Film français de François Ozon (2024), avec Hélène Vincent, Josiane Balasko, Ludivine Sagnier, Pierre Lottin, Garlan Erlos, Sophie Guillemin, Malik Zidi, Paul Beaurepaire, Sidiki Bakaba, Pierre Le Coz, Michel Masiero, Vincent Colombe, Marie-Laurence Tartas… 1h42. Sortie le 2 octobre 2024.
Malik Zidi, Garlan Erlos et Hélène Vincent
François Ozon est sans doute aujourd’hui le réalisateur français le plus prolifique, au rythme métronomique d’un film par an et en alternant systématiquement les genres, comme pour éviter de lasser ses fidèles et continuer à faire ses gammes sur des registres divers.

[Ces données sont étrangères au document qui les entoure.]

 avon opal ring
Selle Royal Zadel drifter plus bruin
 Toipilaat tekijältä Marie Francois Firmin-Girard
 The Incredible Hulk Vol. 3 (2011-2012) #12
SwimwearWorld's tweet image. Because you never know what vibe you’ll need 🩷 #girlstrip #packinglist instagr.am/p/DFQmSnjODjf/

Après deux adaptations théâtrales radicalement antagonistes, le sombre Peter Von Kant (2022) inspiré par Rainer Werner Fassbinder et la comédie policière Mon crime (2023) tirée d’une pièce des Années Folles, il renoue dans son nouvel opus avec la veine de Sous le sable (2024) en s’interrogeant notamment sur les infortunes de l’âge et le fameux fossé des générations. Une vieille dame un rien fantasque se réjouit d’accueillir son petit-fils pour les vacances, mais souffre du mépris et de l’indifférence que lui manifeste sa fille établie à Paris (Ludivine Sagnier) en la sollicitant sous le moindre prétexte. Avec en filigrane un secret qu’elle partage avec sa meilleure amie dont le fils (Pierre Lottin) a quant à lui échoué en prison sous le poids d’une fatalité sociale. Doublement primé au festival de San Sebastián, Quand vient l’automne est à la fois une réflexion sur le vieillissement et la pesanteur des préjugés. Avec pour cadre une province rurale où le temps semble avoir suspendu son vol et où les fantômes du passé ont peu de risque de se manifester.

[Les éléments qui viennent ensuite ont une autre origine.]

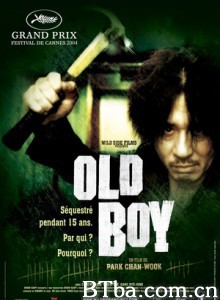 老男孩 原罪犯 Oldboy (2003) 1080P/4K BT磁力 迅雷网盘下载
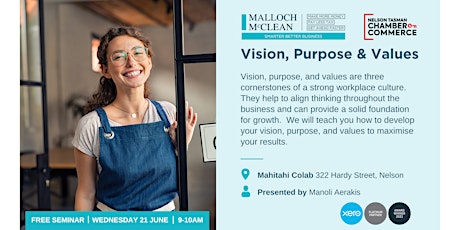Vision, Purpose & Values primary image
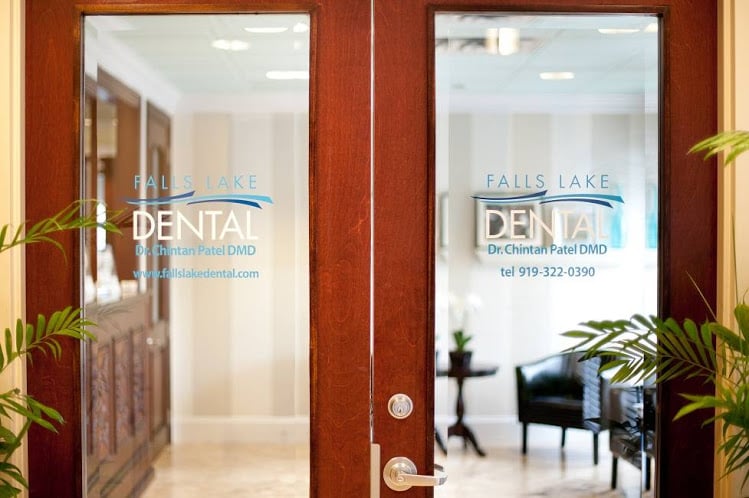 image of business Falls Lake Dental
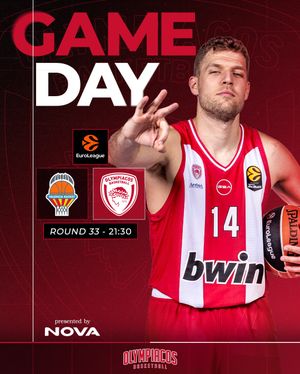 Image post by @olympiacosbc on Instagram
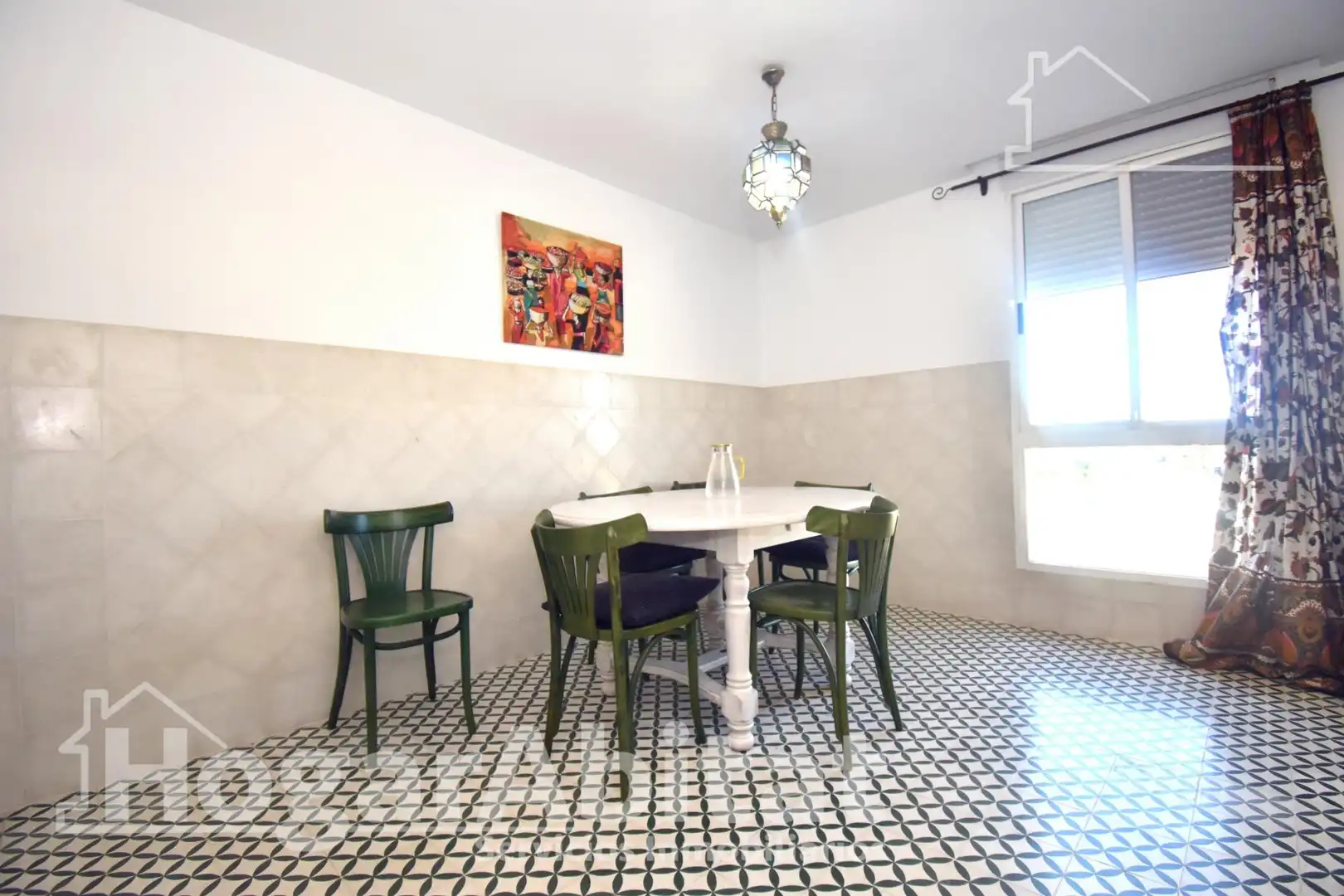 Comedor de Piso en venta en Les Alqueries / Alquerías del Niño Perdido con Aire acondicionado y Terraza
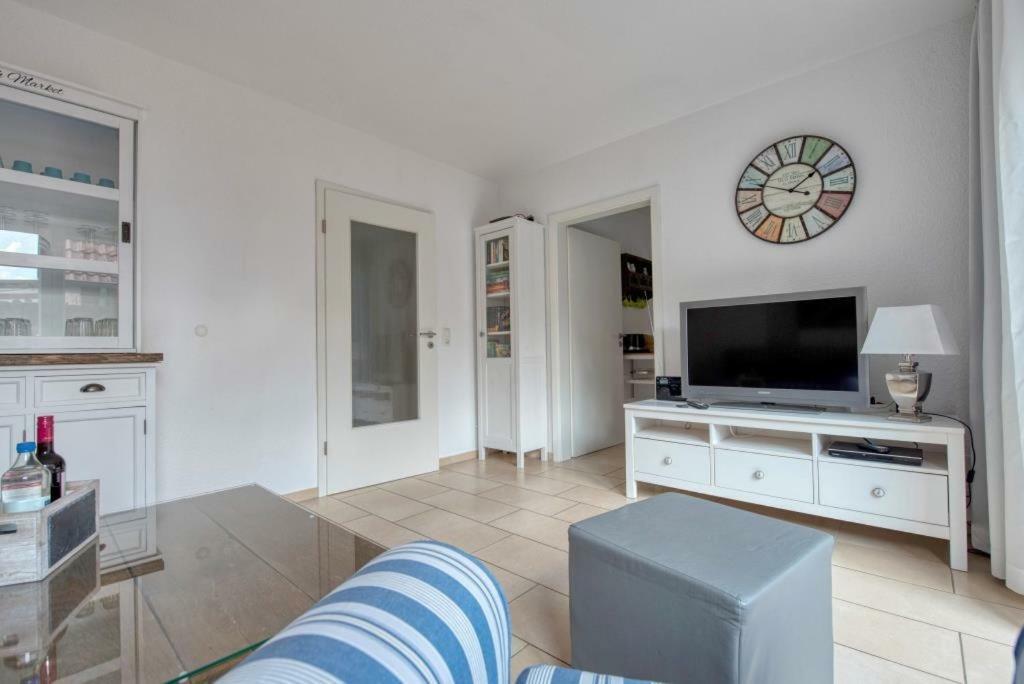 Kleiner Pirat Apartment นอร์เดน ภายนอก รูปภาพ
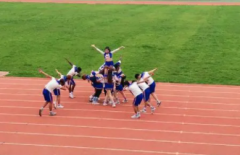 有助于健美操训练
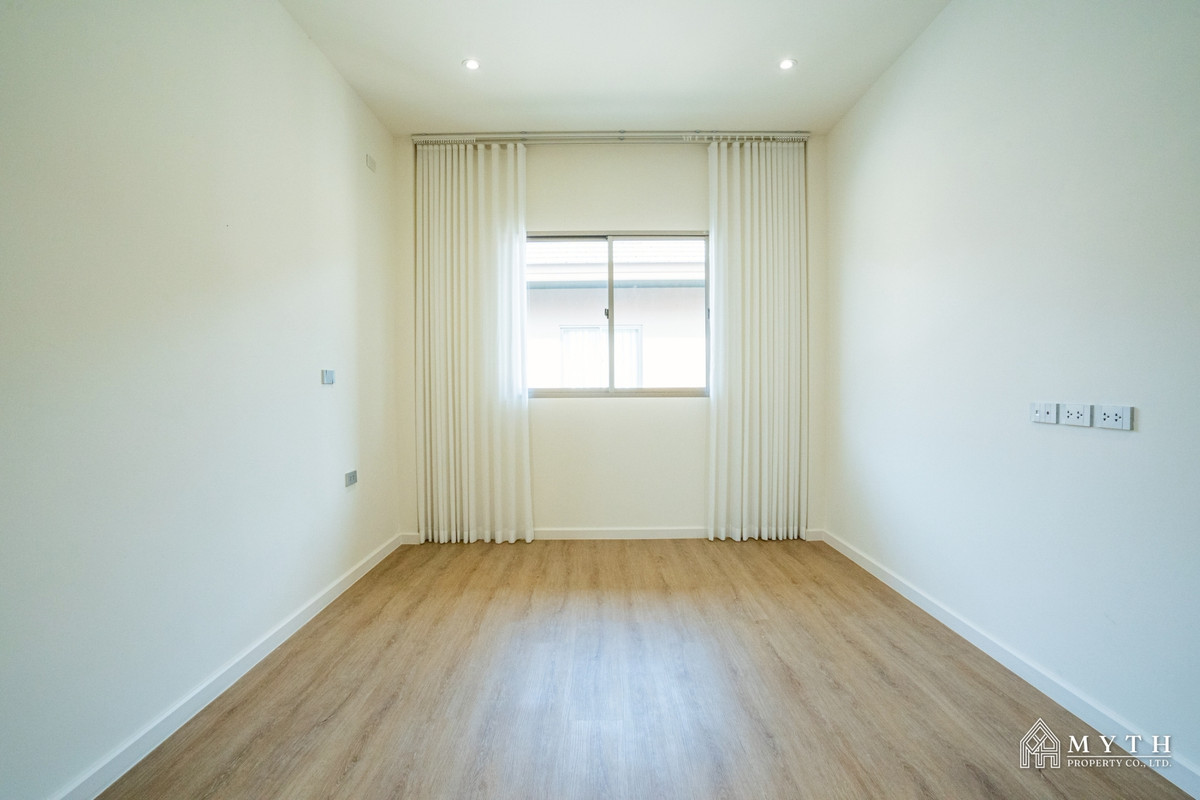 ขายบ้านพัทยา บางแสน ชลบุรี สัตหีบ : ขายบ้านเดี่ยวโครงการ Horizon 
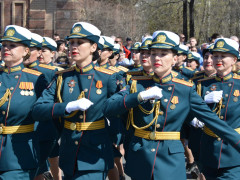 военный парад белогорск день победы девятое мая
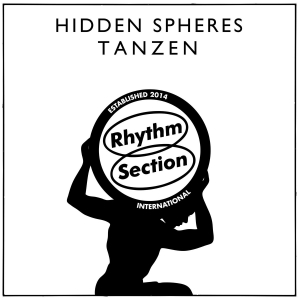 Hidden Spheres - Tanzen i gruppen VINYL / Elektroniskt hos Bengans Skivbutik AB (5546059)
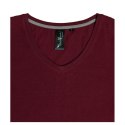 Koszulka Malfini Action V-neck W MLI-70171 formula red Malfini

Hélène Vincent et Josiane Balasko
À partir d’un point de départ qui aurait pu engendrer un mélodrame, Ozon esquisse deux magnifiques portraits de femmes littéralement habitées par des actrices qui réussissent encore à surprendre malgré leur expérience : Hélène Vincent et Josiane Balasko. Il saupoudre en outre son récit de quelques éléments qu’on associe volontiers aux contes de fées, notamment une forêt et des champignons, avec le cortège de fantasmes qu’ils impliquent. Résultat : un film gigogne qui cultive le mélange des genres, mais plutôt que de suivre un itinéraire rectiligne nous entraîne sur le registre du polar, de l’étude de mœurs, du drame psychologique et même du fantastique. Car pour Ozon, le cinéma est aussi l’art de la déroute et qu’il n’entend surtout pas se laisser enfermer dans un registre plutôt qu’un autre, tant il se défie du confort et se méfie du conformisme. Quand vient l’automne est une œuvre en trompe-l’œil qui s’appuie sur les conventions du cinéma de genre afin de mieux les transgresser, en traitant de thèmes universels et en les orchestrant avec une science consommée de la mise en scène qui donne envie de voir le cinéaste exercer son talent sur un registre plus personnel. Le temps semble venu pour lui d’élever le niveau de ses ambitions. Quitte à sortir de sa zone de confort pour se mettre vraiment en danger. Sans sacrifier pour autant le rapport unique qu’il est parvenu à établir et à maintenir avec un public désormais prêt à le suivre dans toutes ses audaces. Et il n’en manque certainement pas.